At MSI we have been working on just such a workflow and have actually gotten to the point where we can estimate production from a model solely derived from the microseismic data. This workflow involves building a discrete fracture network (DFN) model from the microseismic event set, estimating what portion of the DFN gets propp’ed, estimating the permeability of frac’ed system by calibrating the model with historical production. Recently we built such a model from one well of a 4 well set and then successfully predicted the production on the 3 other wells on the same pad. Such a “blind test” is exactly the validation we need to establish the credibility of microseismic data in general and this workflow in particular.
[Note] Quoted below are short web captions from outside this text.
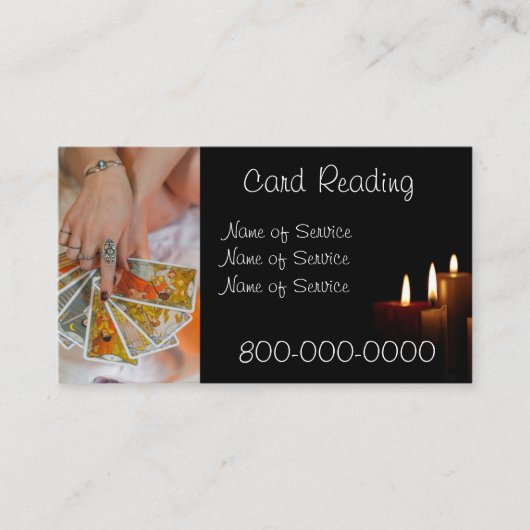 Carte De Visite Service de lecture de carte, Tarot, ect (Devant)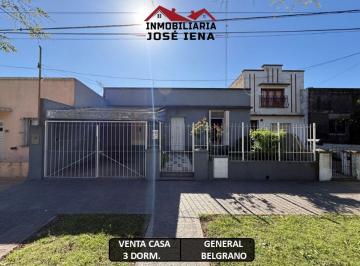 Casa de 4 ambientes, General Belgrano · Casa 3 Dorm. Ubicada en Av Italia E/ Rivadavia y Rodríguez Peña – General Belgrano.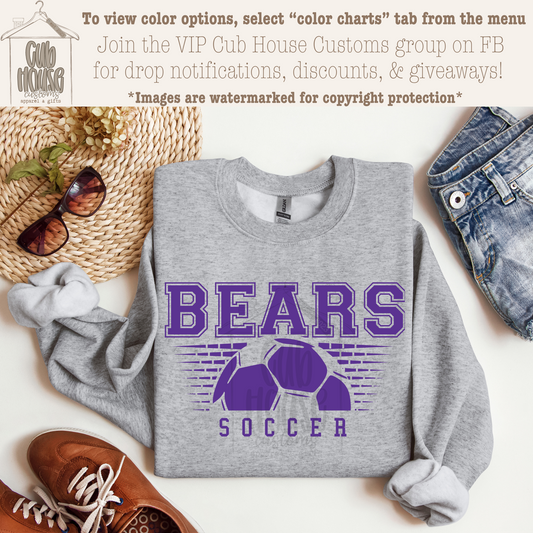 BLAIR BEARS - SOCCER PURPLE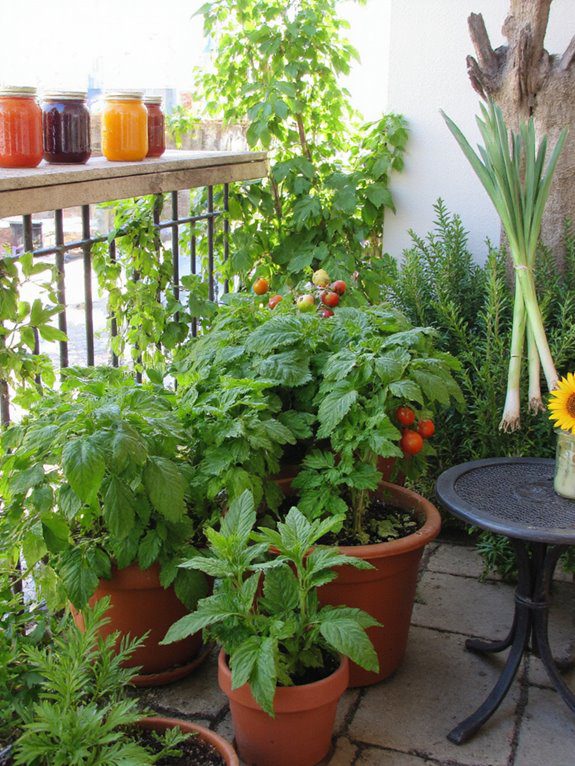 edible garden balcony ideas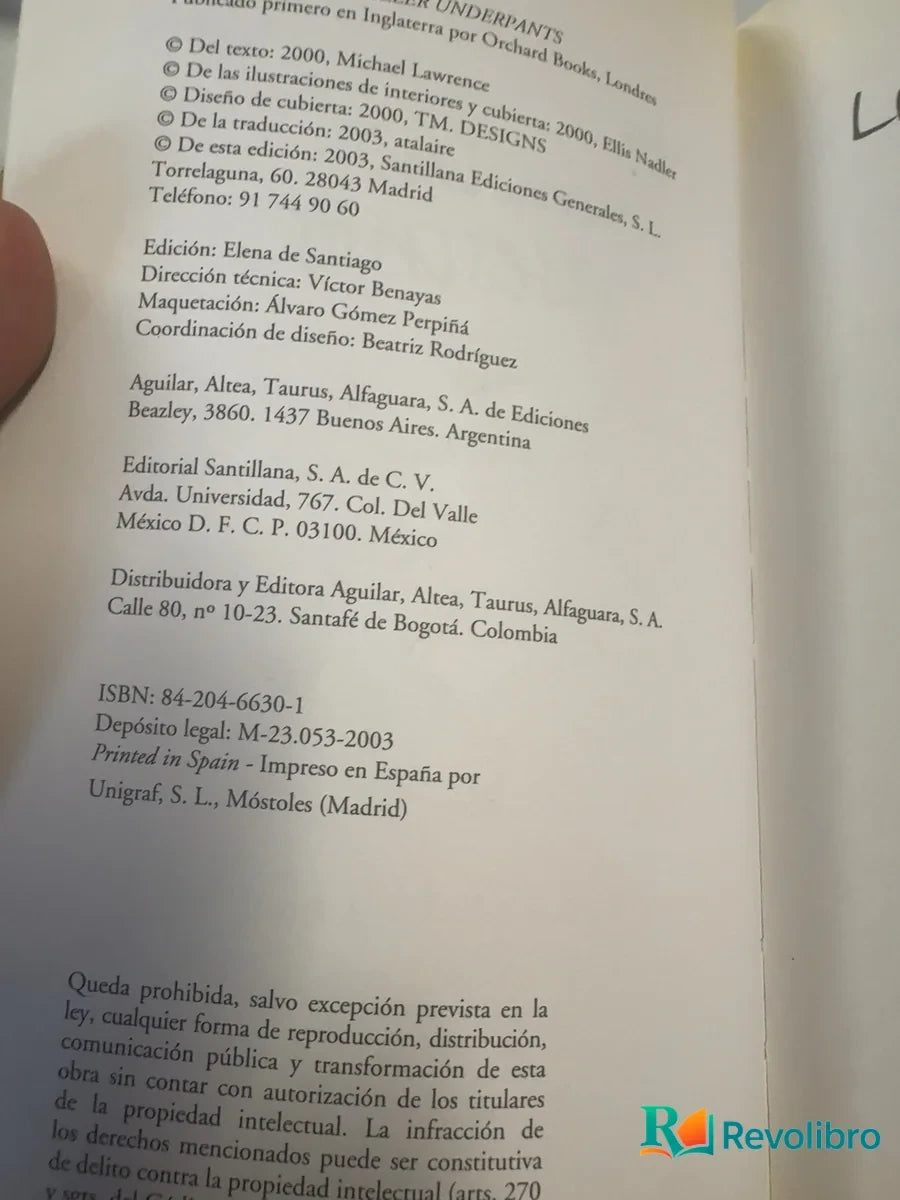 Foto 3 de Las calzoncillos asesinos de Michael Lawrence, libro de segunda mano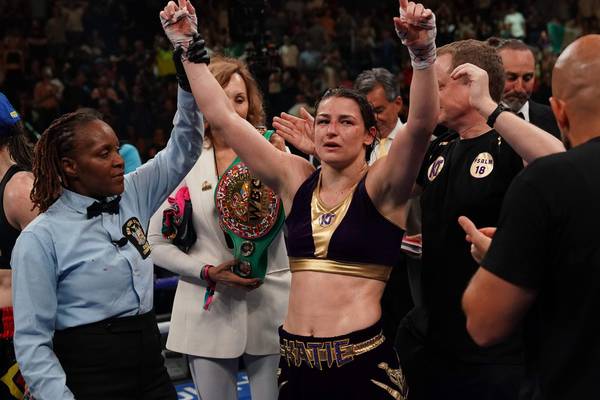 TV View: Ireland’s jewel Katie Taylor delivers on nervy night in New York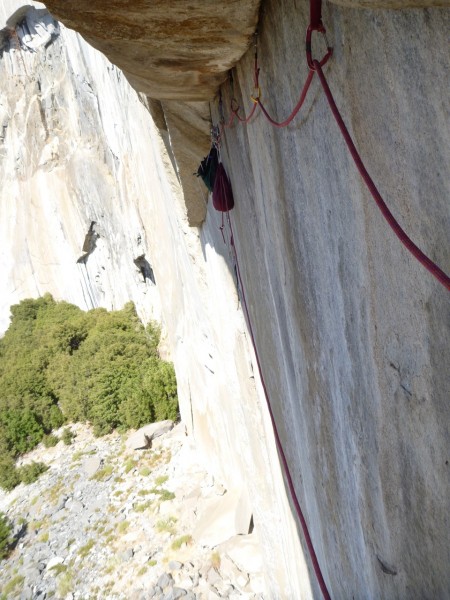 looking back along the second pitch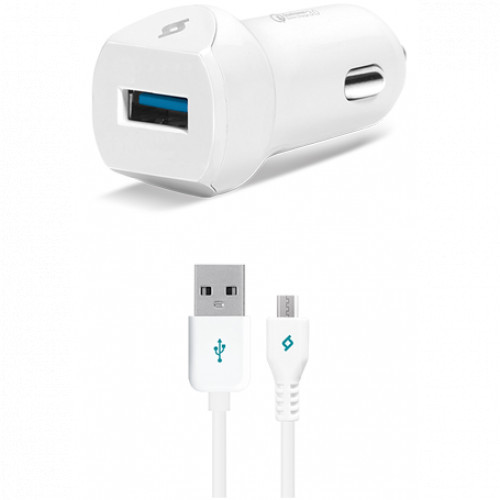 Ttec SpeedCharger QC 3.0 In-Car Charger 18 W with Micro USB Cable (2CKQC01M) - фото 1 - id-p106726036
The next step is to be able to predict how changing treatment parameters will change how the rocks respond. A simple way to do this is to calibrate the rock properties of a 2-D frac model with the microseismic data. That is, we adjust the rock properties until the modeled treatment overlays the microseismic cloud. Then we can run the calibrated model with new treatment options and catalogue the results. However, we, and most other people, recognize the shortcomings of the 2-D models for unconventional reservoir rocks. New, more geomechanically sophisticated models of fracturing are starting to be available. These too require some sort of local rock and stress property calibration. We are approaching such a calibration by searching for the range of parameters that causes the more complex model to match what the microseismic monitoring data observed at the treatment well. We can test the validity of the predicted DFN by doing a blind test like the one that validated the production prediction, but this time we will test the predicted DFN with the one actually observed at other wells nearby the calibration well. Once we are satisfied with the calibration, we permute the treatment parameters and catalogue how the stochastic model responds. The DFN model that results is submitted to a reservoir simulator and the production differences for different treatment options can be estimated. It’s early days for this workflow but the initial results are encouraging.

In the meantime we have made a huge step forward on getting a more useful and believable analysis product out of microseismic monitoring, namely an estimate of production, and we have moved a little closer to that vision of a world where every frac is monitored.